An actor should take lessons from a painter and a sculptor. For an actor to represent a Greek hero it is imperative he should have thoroughly studied those antique statues which have lasted to our day, and mastered the particular grace they exhibited in their postures, whether sitting, standing, or walking. Nor should he make attitude his only study. He should highly develop his mind by an assiduous study of the best writers, ancient and modern, which will enable him not only to understand his parts, but to communicate a nobler coloring to his manners and mien.—Goethe.
Admiration.—Admiration and love are like being intoxicated with champagne; judgment and friendship like being enlivened.—Johnson.
Season your admiration for awhile.—Shakespeare.
I wonder whether the subtle measuring of forces will ever come to measuring the force there would be in one beautiful woman whose mind was as noble as her face was beautiful—who made a man's passion for her rush in one current with all the great aims of his life.—George Eliot.
Admiration is the base of ignorance.—Balthasar Gracian.
It is better in some respects to be admired by those with whom you live, than to be loved by them. And this not on account of any gratification of vanity, but because admiration is so much more tolerant than love.—Arthur Helps.
Admiration is a forced tribute, and to extort it from mankind (envious and ignorant as they are) they must be taken unawares.—James Northcote.
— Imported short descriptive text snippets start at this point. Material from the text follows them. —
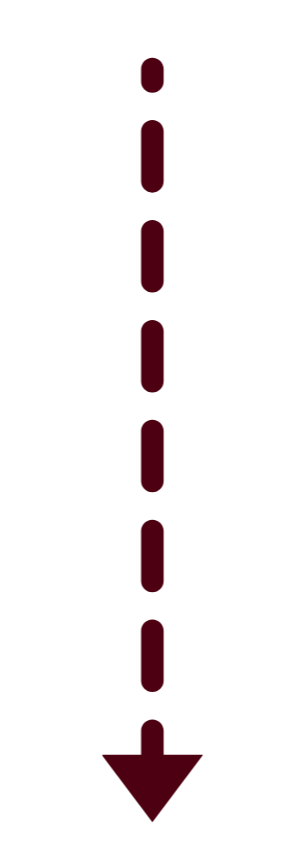 Flèche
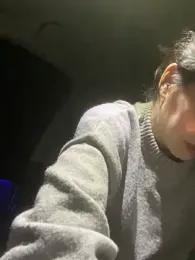 coupledeea webcam model stream image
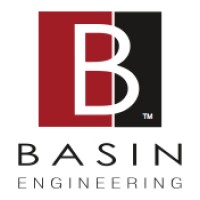 Basin Engineering
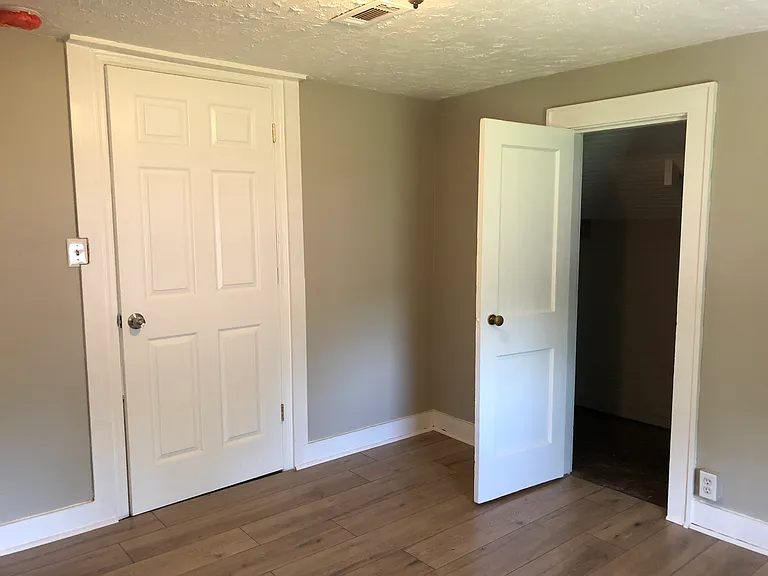 207 Fern St — Photo 19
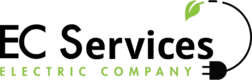 EC Services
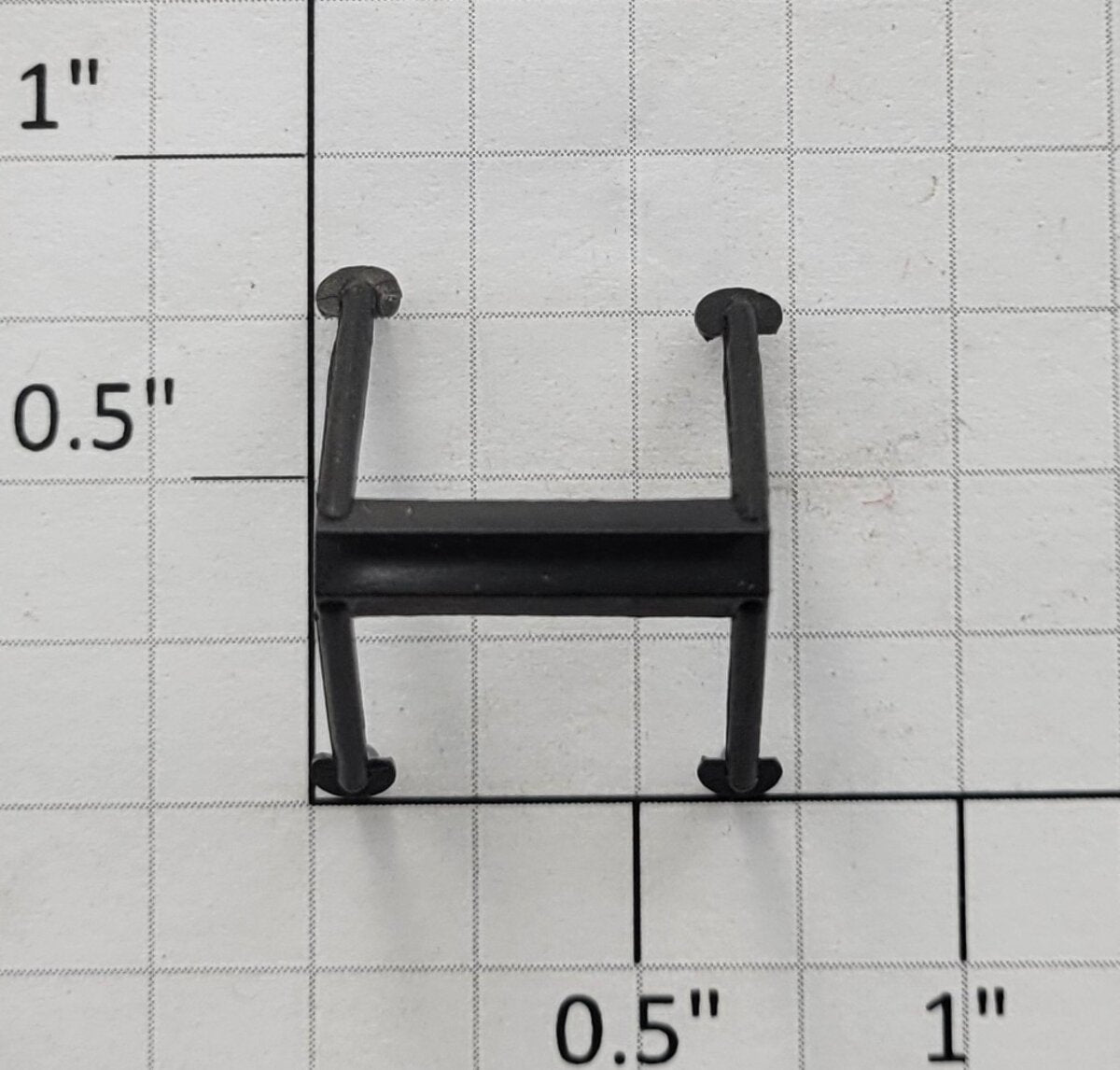 Lionel 19408-35 Frisco Gondola Lift Handle
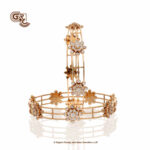 Elagent Fancy Luxury Kamalam Stone Bangles Elagent Fancy Luxury Kamalam Stone Bangles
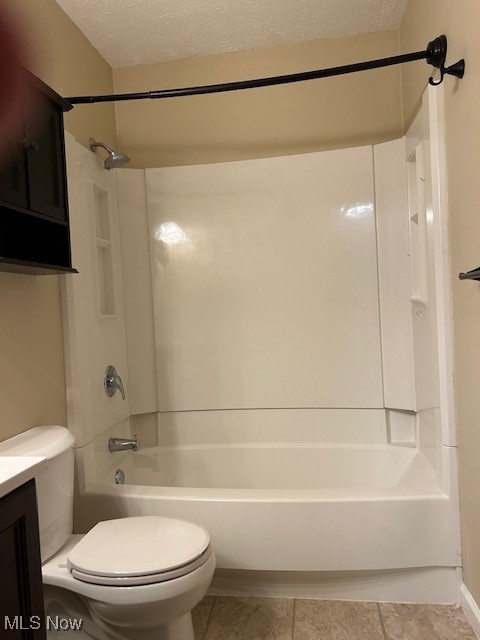 Heisley Condo - Residential Lease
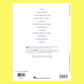 Jazz Classics For Cello Play Along Book/Ola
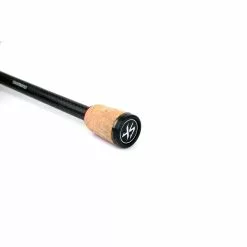 Shimano Yasei BB Street Spinning 8 Shimano Yasei BB Street Spinning -Perhokelat & Lisäkelat myymälä YASBBST210Lr 3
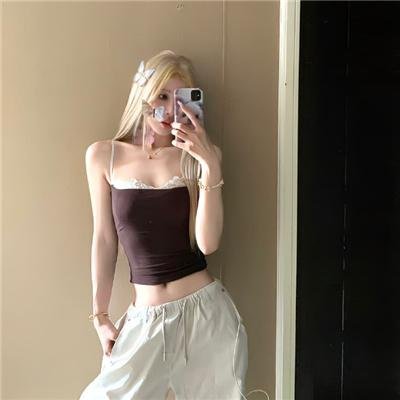 内裤队长吓鬼记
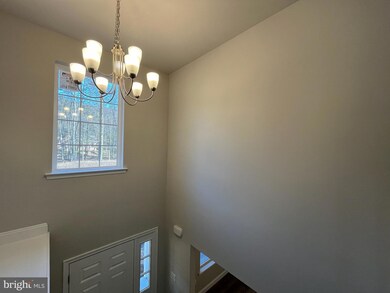 39 Pine St, Ashland, PA 17921 - photo 7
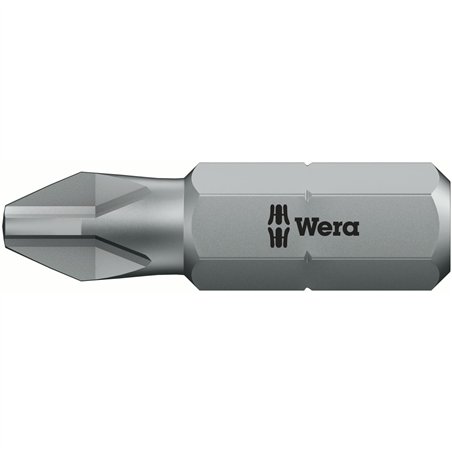 Wera Bit-Check 30 Christmas 2025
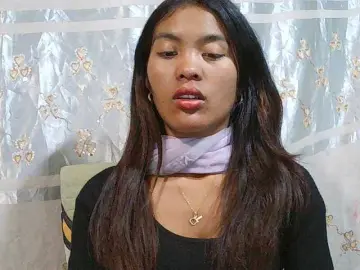 Bongacams Best Webcam of Nina-001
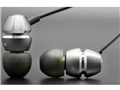 AM-700M [�V���o�[]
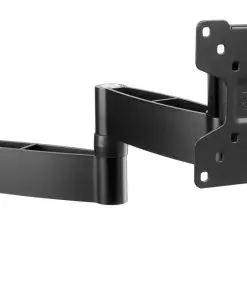 Vogels PFW 1040 Display-Wandhalterung schwenk- und neigbar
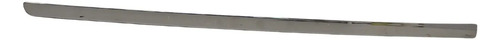 Friso Porta Dianteiro Esq Fiat Siena 07/12 Mp5180 - Fiat - Código 180368344289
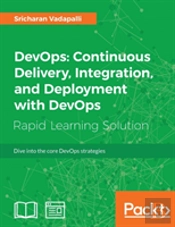 Devops
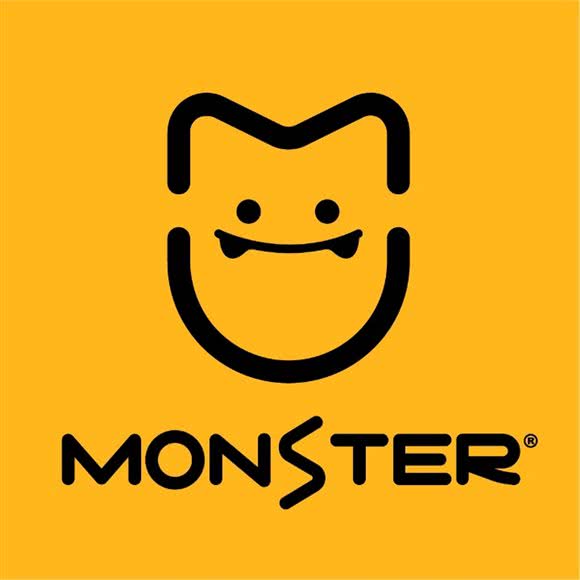 萌思特怪兽宠物:南京市浦口区华侨城附近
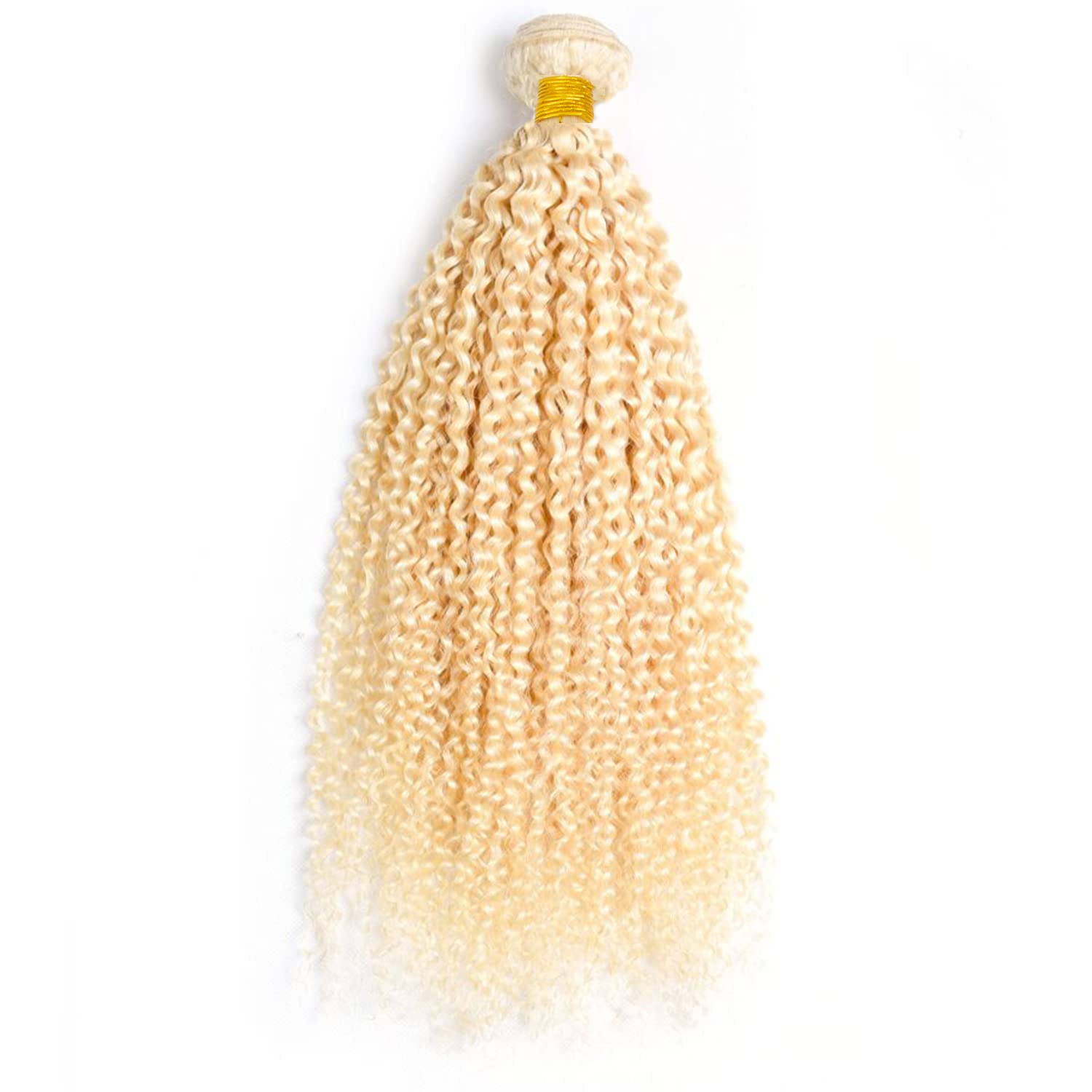 613 Straight Wave Brazilian Remy Human Hair Weave Bundles - 18 Inch Unprocessed Virgin Hair for Women | Natural Look for Daily Wear & Special Occasions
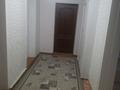 Отдельный дом · 3 комнаты · 70 м² · 10 сот., Абылайхан 108 — Парк Абая за 12 млн ₸ в  — фото 5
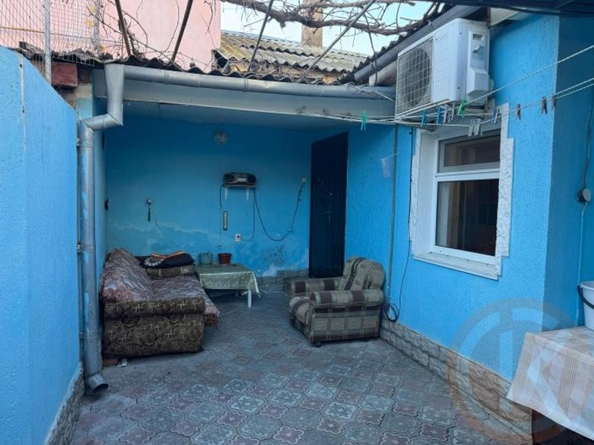 
  Продается дом 85 м². Фото 12.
Adversity.—If adversity hath killed his thousands, prosperity hath killed his ten thousands; therefore adversity is to be preferred. The one deceives, the other instructs; the one miserably happy, the other happily miserable; and therefore many philosophers have voluntarily sought adversity and so much commend it in their precepts.—Burton.
Adversity borrows its sharpest sting from our impatience.—Bishop Horne.
Adversity is like the period of the former and of the latter rain,—cold, comfortless, unfriendly to man and to animal; yet from that season have their birth the flower and the fruit, the date, the rose, and the pomegranate.—Walter Scott.